The above example is simple one but most of the frames are complex. Moreover with filler slots and inheritance provided by frames powerful knowledge representation systems can be built.
Frames can represent either generic or frame. Following is the example for generic frame.
if-added: Procedure ADD_COMPUTER
if-needed: Procedure FIND_SPEED
The fillers may values such as computer in the name slot or a range of values as in types slot. The procedures attached to the slots are called procedural attachments. There are mainly three types of procedural attachments: if-needed, default and if-added. As the name implies if-needed types of procedures will be executed when a filler value is needed. Default value is taken if no other value exists. Defaults are used to represent commonsense knowledge. Commonsense is generally used when no more situation specific knowledge is available.

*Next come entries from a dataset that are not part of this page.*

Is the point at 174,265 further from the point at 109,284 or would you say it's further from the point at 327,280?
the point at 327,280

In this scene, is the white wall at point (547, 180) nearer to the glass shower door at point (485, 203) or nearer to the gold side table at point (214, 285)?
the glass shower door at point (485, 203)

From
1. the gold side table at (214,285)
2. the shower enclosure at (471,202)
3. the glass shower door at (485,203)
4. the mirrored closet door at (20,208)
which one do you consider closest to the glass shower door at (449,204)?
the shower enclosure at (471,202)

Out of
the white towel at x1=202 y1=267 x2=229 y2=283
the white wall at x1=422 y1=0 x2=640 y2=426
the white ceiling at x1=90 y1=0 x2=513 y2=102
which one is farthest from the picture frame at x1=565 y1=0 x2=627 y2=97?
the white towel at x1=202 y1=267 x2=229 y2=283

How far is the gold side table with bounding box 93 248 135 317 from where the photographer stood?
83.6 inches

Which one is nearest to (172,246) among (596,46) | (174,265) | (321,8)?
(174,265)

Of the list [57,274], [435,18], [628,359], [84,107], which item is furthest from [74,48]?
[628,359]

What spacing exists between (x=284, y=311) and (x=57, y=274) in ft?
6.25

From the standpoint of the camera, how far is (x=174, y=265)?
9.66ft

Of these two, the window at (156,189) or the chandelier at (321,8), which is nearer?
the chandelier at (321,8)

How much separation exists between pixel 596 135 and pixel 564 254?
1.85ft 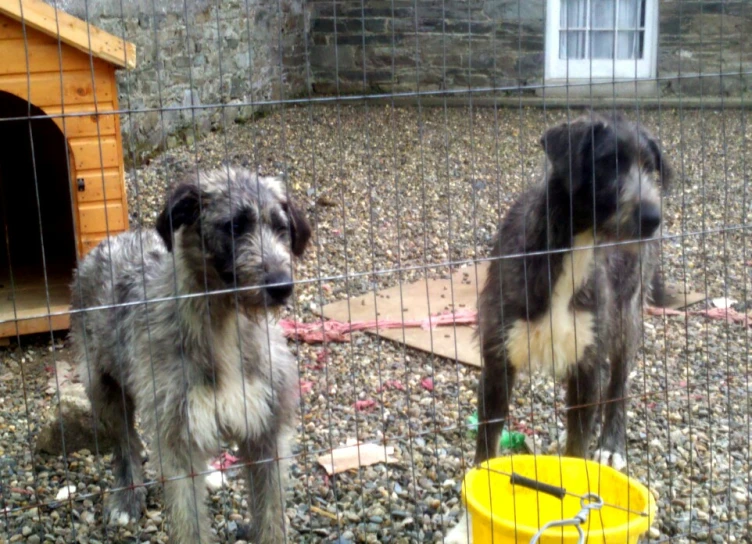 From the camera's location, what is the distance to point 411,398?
480 centimetres

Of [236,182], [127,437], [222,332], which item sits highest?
[236,182]

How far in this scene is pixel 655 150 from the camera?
3.76 metres

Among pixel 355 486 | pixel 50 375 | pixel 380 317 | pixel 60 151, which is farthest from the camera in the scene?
pixel 60 151

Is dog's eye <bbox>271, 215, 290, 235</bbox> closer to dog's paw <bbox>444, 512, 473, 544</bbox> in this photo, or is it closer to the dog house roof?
dog's paw <bbox>444, 512, 473, 544</bbox>

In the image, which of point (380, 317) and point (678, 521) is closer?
point (678, 521)

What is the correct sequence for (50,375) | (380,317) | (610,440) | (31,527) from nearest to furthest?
(31,527)
(610,440)
(50,375)
(380,317)

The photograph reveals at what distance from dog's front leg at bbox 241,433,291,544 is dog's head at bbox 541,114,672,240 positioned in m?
1.50

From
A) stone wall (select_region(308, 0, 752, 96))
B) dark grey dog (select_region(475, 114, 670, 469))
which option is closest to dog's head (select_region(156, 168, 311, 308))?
dark grey dog (select_region(475, 114, 670, 469))

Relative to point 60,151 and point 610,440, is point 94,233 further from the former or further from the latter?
point 610,440

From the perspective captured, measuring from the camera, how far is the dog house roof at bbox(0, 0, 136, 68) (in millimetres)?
4863

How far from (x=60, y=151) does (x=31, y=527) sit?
4241mm

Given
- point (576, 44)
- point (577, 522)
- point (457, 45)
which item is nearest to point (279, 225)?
point (577, 522)

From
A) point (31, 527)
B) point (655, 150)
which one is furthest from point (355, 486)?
point (655, 150)

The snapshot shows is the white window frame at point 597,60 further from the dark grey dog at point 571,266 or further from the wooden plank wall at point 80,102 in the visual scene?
the dark grey dog at point 571,266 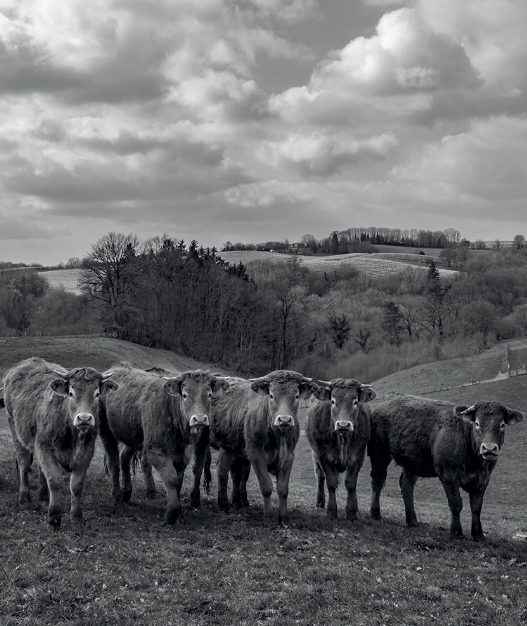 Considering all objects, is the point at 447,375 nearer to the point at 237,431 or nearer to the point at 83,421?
the point at 237,431

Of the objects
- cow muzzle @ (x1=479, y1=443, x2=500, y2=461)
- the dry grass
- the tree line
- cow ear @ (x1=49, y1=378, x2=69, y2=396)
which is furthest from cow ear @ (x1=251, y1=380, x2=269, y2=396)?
the dry grass

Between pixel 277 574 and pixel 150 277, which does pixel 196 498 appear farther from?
pixel 150 277

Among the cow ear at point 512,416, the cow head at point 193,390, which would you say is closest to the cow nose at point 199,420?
the cow head at point 193,390

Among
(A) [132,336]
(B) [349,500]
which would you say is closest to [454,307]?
(A) [132,336]

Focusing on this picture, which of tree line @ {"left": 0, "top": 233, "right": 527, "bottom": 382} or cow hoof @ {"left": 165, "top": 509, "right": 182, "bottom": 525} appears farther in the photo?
tree line @ {"left": 0, "top": 233, "right": 527, "bottom": 382}

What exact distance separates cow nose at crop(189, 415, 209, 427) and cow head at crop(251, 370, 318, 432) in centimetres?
150

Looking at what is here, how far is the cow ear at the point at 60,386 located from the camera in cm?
1320

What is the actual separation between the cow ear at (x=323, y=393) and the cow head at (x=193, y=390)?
2469 mm

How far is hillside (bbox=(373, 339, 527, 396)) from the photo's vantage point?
233ft

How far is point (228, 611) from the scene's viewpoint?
8.78 metres

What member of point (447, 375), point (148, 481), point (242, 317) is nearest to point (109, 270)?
point (242, 317)

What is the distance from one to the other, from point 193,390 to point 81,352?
58.0m

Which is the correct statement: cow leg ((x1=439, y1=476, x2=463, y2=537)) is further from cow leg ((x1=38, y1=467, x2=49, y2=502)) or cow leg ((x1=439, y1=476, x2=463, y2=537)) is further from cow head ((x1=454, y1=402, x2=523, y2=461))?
cow leg ((x1=38, y1=467, x2=49, y2=502))

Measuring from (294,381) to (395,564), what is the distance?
4.54m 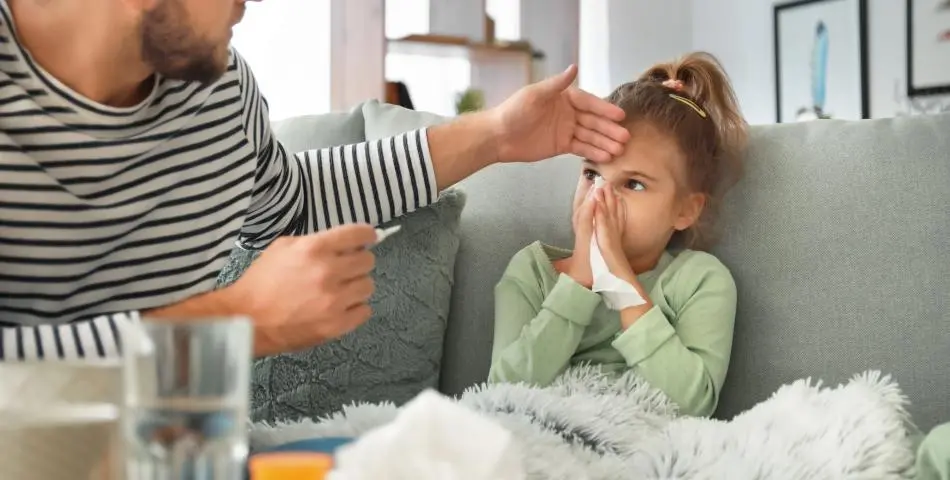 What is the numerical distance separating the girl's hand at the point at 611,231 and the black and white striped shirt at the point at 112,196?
42cm

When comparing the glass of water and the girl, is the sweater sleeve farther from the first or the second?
the glass of water

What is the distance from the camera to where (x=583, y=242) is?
137cm

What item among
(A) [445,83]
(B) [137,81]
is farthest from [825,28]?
(B) [137,81]

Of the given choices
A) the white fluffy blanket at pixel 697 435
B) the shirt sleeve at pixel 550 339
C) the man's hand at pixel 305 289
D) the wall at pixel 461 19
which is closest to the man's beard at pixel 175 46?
the man's hand at pixel 305 289

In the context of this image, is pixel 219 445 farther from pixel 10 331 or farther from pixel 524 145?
pixel 524 145

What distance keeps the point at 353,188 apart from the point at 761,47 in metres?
2.70

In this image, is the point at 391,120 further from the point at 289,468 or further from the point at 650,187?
the point at 289,468

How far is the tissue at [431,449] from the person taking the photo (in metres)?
0.56

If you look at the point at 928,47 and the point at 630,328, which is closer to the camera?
the point at 630,328

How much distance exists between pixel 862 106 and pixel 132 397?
128 inches

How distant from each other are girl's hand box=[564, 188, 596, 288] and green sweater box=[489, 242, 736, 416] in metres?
0.03

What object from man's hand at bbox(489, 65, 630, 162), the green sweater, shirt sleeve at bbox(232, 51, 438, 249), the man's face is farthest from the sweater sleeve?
the man's face

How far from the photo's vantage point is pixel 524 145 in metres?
1.40

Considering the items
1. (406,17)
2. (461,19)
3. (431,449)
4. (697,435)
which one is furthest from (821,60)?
(431,449) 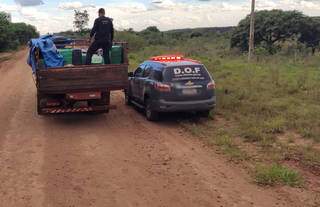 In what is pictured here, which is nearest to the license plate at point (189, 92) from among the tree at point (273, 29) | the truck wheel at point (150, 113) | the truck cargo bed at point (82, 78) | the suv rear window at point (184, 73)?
the suv rear window at point (184, 73)

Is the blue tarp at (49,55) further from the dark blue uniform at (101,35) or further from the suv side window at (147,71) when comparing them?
the suv side window at (147,71)

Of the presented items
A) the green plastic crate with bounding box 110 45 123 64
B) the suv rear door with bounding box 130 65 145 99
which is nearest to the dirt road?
the suv rear door with bounding box 130 65 145 99

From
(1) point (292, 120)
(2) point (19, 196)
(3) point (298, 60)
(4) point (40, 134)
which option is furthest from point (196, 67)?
(3) point (298, 60)

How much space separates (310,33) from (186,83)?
36.9 meters

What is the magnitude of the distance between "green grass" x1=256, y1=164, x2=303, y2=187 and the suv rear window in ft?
15.6

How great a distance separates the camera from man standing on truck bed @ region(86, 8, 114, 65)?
12.8m

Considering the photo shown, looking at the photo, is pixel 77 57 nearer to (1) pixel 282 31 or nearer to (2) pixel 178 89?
(2) pixel 178 89

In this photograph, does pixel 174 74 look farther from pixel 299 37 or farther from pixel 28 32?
pixel 28 32

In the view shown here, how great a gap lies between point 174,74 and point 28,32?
10084cm

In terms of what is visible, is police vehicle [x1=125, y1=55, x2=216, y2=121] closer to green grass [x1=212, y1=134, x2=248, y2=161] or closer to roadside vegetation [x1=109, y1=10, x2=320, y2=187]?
roadside vegetation [x1=109, y1=10, x2=320, y2=187]

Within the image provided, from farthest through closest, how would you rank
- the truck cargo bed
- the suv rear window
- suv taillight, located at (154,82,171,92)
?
1. the suv rear window
2. suv taillight, located at (154,82,171,92)
3. the truck cargo bed

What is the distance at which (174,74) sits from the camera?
12.3 metres

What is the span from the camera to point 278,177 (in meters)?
7.68

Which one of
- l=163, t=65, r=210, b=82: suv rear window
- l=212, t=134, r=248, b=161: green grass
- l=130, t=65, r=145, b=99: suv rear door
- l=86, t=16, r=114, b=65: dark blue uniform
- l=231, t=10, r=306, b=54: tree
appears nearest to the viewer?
l=212, t=134, r=248, b=161: green grass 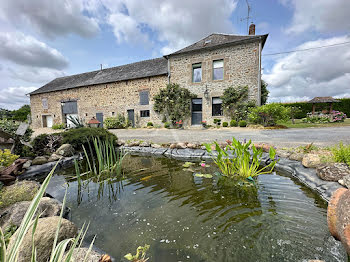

The if-added type is required if any value is to be added to a slot. In the above example, if a new type of computer is invented ADD_COMPUTER procedure should be executed to add that information. An if-removed type is used to remove a value from the slot.
A semantic net (or semantic network) is a knowledge representation technique used for propositional information. So it is also called a propositional net. Semantic nets convey meaning. They are two dimensional representations of knowledge. Mathematically a semantic net can be defined as a labelled directed graph.
Semantic nets consist of nodes, links (edges) and link labels. In the semantic network diagram, nodes appear as circles or ellipses or rectangles to represent objects such as physical objects, concepts or situations. Links appear as arrows to express the relationships between objects, and link labels specify particular relations. Relationships provide the basic structure for organizing knowledge. The objects and relations involved need not be so concrete. As nodes are associated with other nodes semantic nets are also referred to as associative nets.
In the above figure all the objects are within ovals and connected using labelled arcs. Note that there is a link between Jill and FemalePersons with label MemberOf. Simlarly there is a MemberOf link between Jack and MalePersons and SisterOf link between Jill and Jack. The MemberOf link between Jill and FemalePersons indicates that Jill belongs to the category of female persons.
Unless there is a specific evidence to the contrary, it is assumed that all members of a class (category) will inherit all the properties of their superclasses. So semantic network allows us to perform inheritance reasoning. For example Jill inherits the property of having two legs as she belongs to the category of FemalePersons which in turn belongs to the category of Persons which has a boxed Legs link with value 2. Semantic nets allows multiple inheritance. So an object can belong to more than one category and a category can be a subset of more than one another category.
Semantic network allows a common form of inference known as inverse links. For example we can have a HasSister link which is the inverse of SisterOf link.The inverse links make the job of inference algorithms much easier to answer queries such as who the sister of Jack is. On discovering that HasSister is the inverse of SisterOf the inference algorithm can follow that link HasSister from Jack to Jill and answer the query.
Disadvantage of Semantic Nets
One of the drawbacks of semantic network is that the links between the objects represent only binary relations. For example, the sentence Run(ChennaiExpress, Chennai,Bangalore,Today) cannot be asserted directly.
There is no standard definition of link names.
Advantages of Semantic Nets
Semantic nets have the ability to represent default values for categories. In the above figure Jack has one leg while he is a person and all persons have two legs. So persons have two legs has only default status which can be overridden by a specific value.
They convey some meaning in a transparent manner.
They nets are simple and easy to understand.
They are easy to translate into PROLOG.